Real-life analogy: An Access ACL is a lock on a specific door — only people with the key can enter. A Default ACL is a policy saying “every new room built in this wing gets this same lock type.” Rooms built before the policy keep their old locks.

Bronze/Silver/Gold Folder Structure

datalake/
-- bronze/                        (Raw - schema-on-read)
   -- sqldb/
      -- Customer/
         -- 2026/04/05/
            -- part-00000.snappy.parquet
      -- Address/
      -- Product/
   -- api/
      -- weather/
         -- 2026-04-05.json
-- silver/                        (Cleaned - light schema)
   -- customer_cleaned/
   -- address_standardized/
-- gold/                          (Business-ready - schema-on-write)
   -- dim_customer/
   -- fact_sales/

Bronze: Raw data as-is.
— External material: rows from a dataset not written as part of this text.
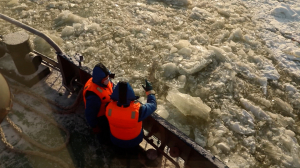 «Невская застава»: главный ледокол Петербурга выходит на свою вахту по Неве, складываясь под мостами и оберегая город от зимних наводнений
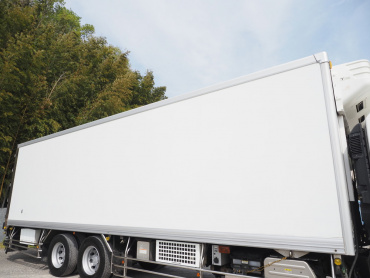 いすゞ ギガ 冷凍バン 大型 QKG-CYL77B 年式 H29[写真10]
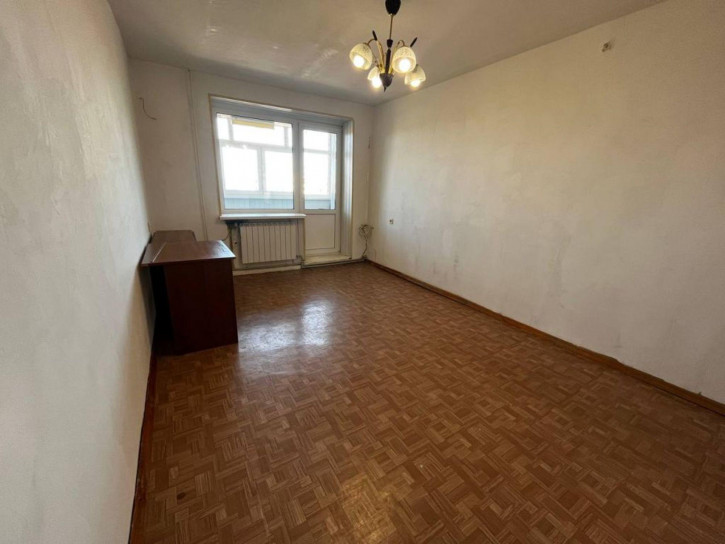 3-комн квартира Победы ул, 63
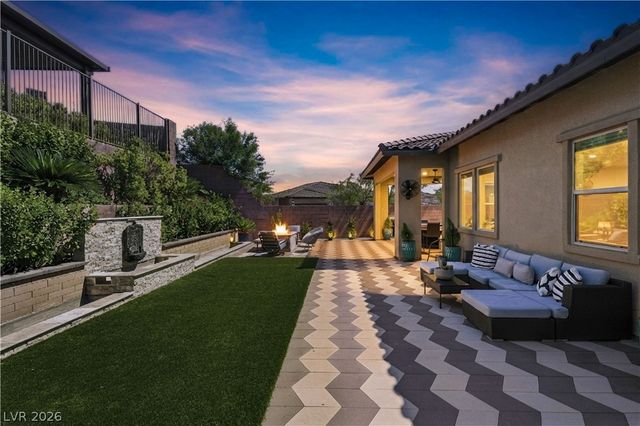 373 Jackalberry Street, Las Vegas, NV 89138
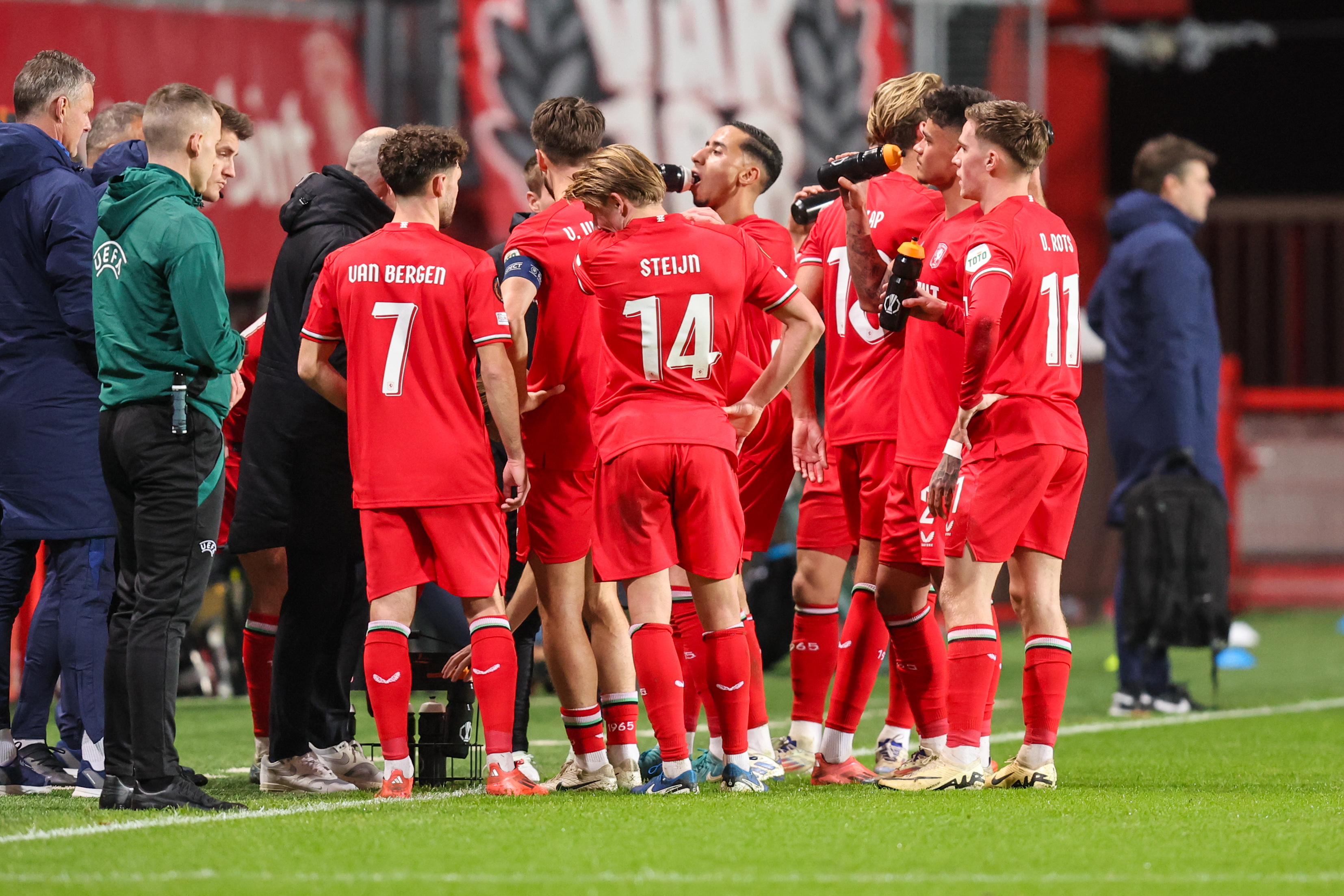 72427718 FC Twente
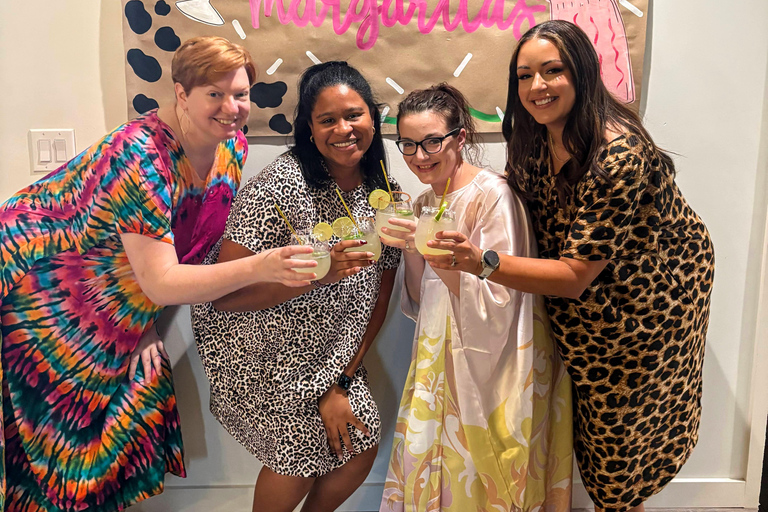 Scottsdale: Cocktail Class with optional Cheese Pairing Scottsdale: Cocktail Class (3) with optional Cheese Pairing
No transforms. Append-only. ADF/Synapse Copy writes here.

Silver: Cleaned, standardized. Nulls handled, dupes removed. Spark notebooks or Data Flows.

Gold: Aggregated, modeled. Star schema. Dashboards and reports query this layer.

Using ADLS Gen2 with Pipelines

As a Sink (Most Common)

Create Linked Service > Dataset (Parquet) with parameterized container/folder > Use as Copy Sink.

Covered in detail in metadata-driven pipelines and Synapse with audit logging.

Event-Triggered Pipelines

File uploaded to /raw/uploads/ > Event Grid > ADF Trigger > Pipeline runs automatically.

As a Source (Reading Data Back)

ADLS Gen2 is also used as a pipeline source when downstream processes need to read landed files:

Common source patterns:

1. Databricks reads Bronze Parquet from ADLS → transforms → writes Silver Delta
   df = spark.read.parquet("abfss://raw@naveendatalake.dfs.core.windows.net/customers/")

2. Synapse Serverless SQL queries files directly in ADLS (no copy needed)
   SELECT * FROM OPENROWSET(
     BULK 'https://naveendatalake.dfs.core.windows.net/raw/customers/*.parquet',
     FORMAT = 'PARQUET'
   ) AS customers

3. ADF Lookup activity reads a config file from ADLS
   Source: JSON file at /config/pipeline_config.json

4. Power BI Direct Lake reads Gold Delta tables from ADLS via Fabric shortcuts

Folder Naming Conventions

Consistent naming makes pipelines parameterizable and debugging easier:

Convention 1: Date-partitioned (most common for Bronze)
  /raw/customers/2026/06/12/customers.parquet
  /raw/orders/2026/06/12/orders.parquet
  ADF expression: @concat('raw/', item().TableName, '/', formatDateTime(utcNow(),'yyyy/MM/dd'), '/')

Convention 2: Hive-style partitioning (best for Spark/Databricks)
  /raw/orders/year=2026/month=06/day=12/part-00000.parquet
  Spark reads with: df = spark.read.parquet("/raw/orders/").filter("year = 2026 AND month = 6")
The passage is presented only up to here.